Discussion in 'Casual Photo Conversations' started by iversonwhite, Apr 7, 2012.

  1. I'll be exhibiting some prints at an art school open house in a couple of weeks. I have a mix of portraits, flowers, still life and street. Prints are mostly B&W ranging from 11x14 to 20x24. I'd appreciate advice on whether or not to mix and match genres, b&w and color, etc. Most of the prints I'm considering are represented on my photo.net gallery. Thanks in advance.
  2. Hi Iverson,
    I can only respond as someone who visits local exhibitions (like the one you're exhibiting at) now and then. Personally, I prefer to see some from of composition/structure in the way photos are displayed. For example, some groups of "people photos" together and then further along/below/above groups of "flower photo's". I think you're the best person to decide what the best groups should be. Obvious choices per group are color/BW and/or subject. Perhaps there are also photos that can act as "bridges" between groups.
    Be interested to find out what others think.
  3. Thanks Mike,
    Those are great suggestions.
  4. Hi, Iverson, I agree with Mike, groups by genre (generally), mix of b&w and color.

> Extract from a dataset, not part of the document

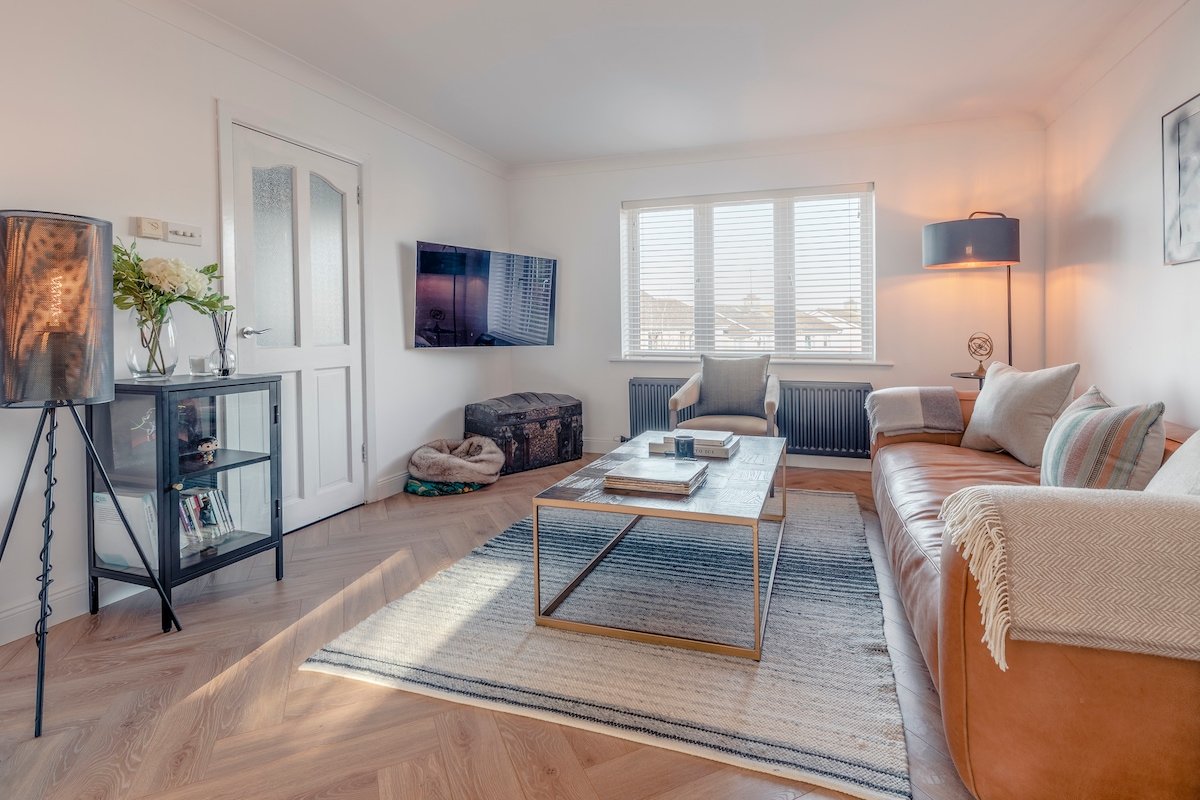 Spacious 3-bedroom house with garden gallery image 3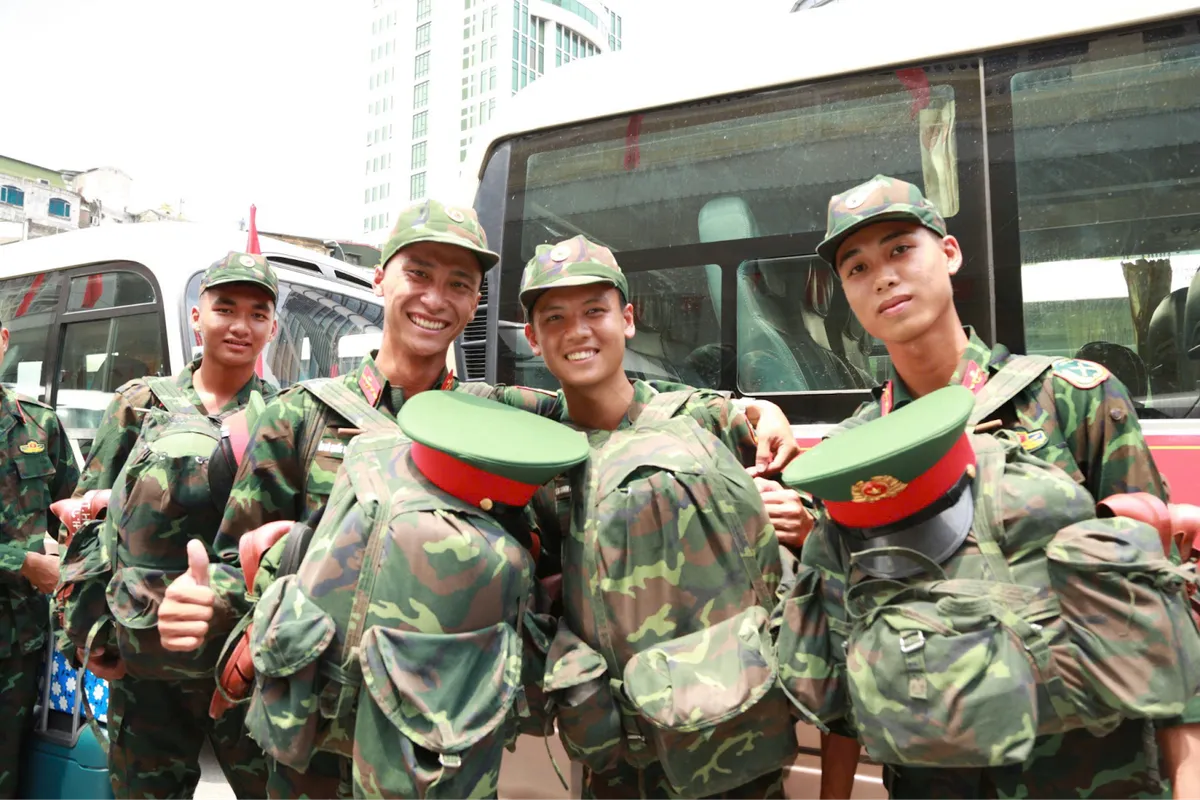 Hơn 1.000 cán bộ, chiến sĩ tham gia diễu binh rạng rỡ khi tới Ga Hà Nội  - Ảnh 13.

    When I exhibit, I try to mix colors, textures, and hardness. In my last exhibit of photos of
    Ireland, I realized that all the photos I'd chosen were of rocks: rock facade on passage tomb,
    rock castle, rock shoals, Giant's Causeway rocks. Okay, not everybody likes rocks as much
    as I do, so I switched some of the rocks for softer images of seascapes and green landscapes
    to break it up and to add variety.

    In your gallery, three of the portraits have the subject in the righthand side of the frame. If you
    want to exhibit those portraits, you may choose to hang those three together, emphasizing the
    composition. Or you may want to break them up by inserting the other two (or others) in
    place(s) that make sense to you.

    I go through many iterations of an exhibit, laying out prints on a desk, arranging and re-
    arranging until they look right and fit the exhibit space. It usually takes a couple of days to get
    it right. Then, when it's time to hang the exhibit, I know exactly where each one should go.